Given information: Begin

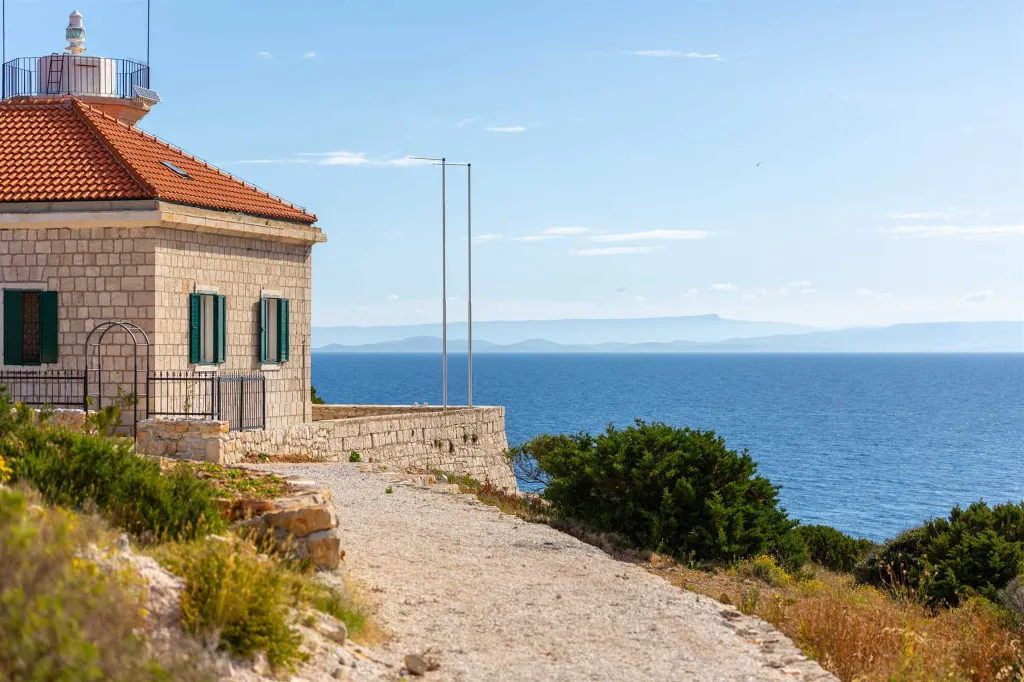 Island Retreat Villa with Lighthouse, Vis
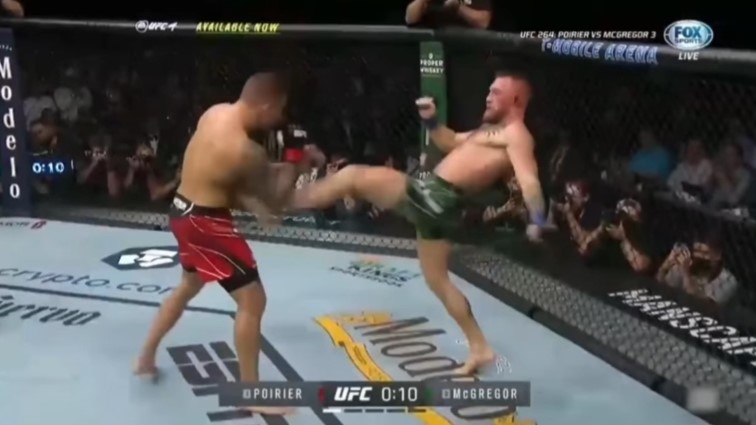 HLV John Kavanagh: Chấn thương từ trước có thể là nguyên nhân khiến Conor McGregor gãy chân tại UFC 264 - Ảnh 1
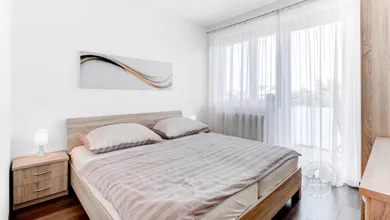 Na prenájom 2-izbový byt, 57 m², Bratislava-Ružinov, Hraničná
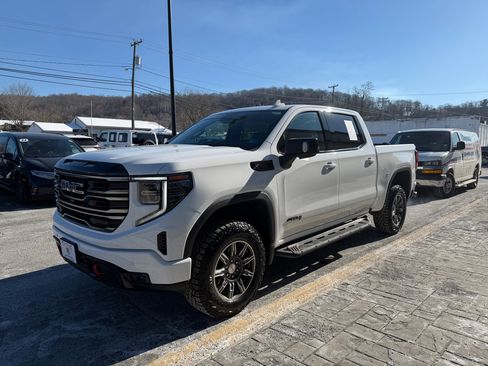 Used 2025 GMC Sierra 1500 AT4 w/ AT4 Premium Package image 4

Given information: End

* [Exercise details] Write the listing above out again word for word, excluding all images.

* [Exercise answer]
 Island Retreat Villa with Lighthouse, Vis
 HLV John Kavanagh: Chấn thương từ trước có thể là nguyên nhân khiến Conor McGregor gãy chân tại UFC 264 - Ảnh 1
 Na prenájom 2-izbový byt, 57 m², Bratislava-Ružinov, Hraničná
 Used 2025 GMC Sierra 1500 AT4 w/ AT4 Premium Package image 4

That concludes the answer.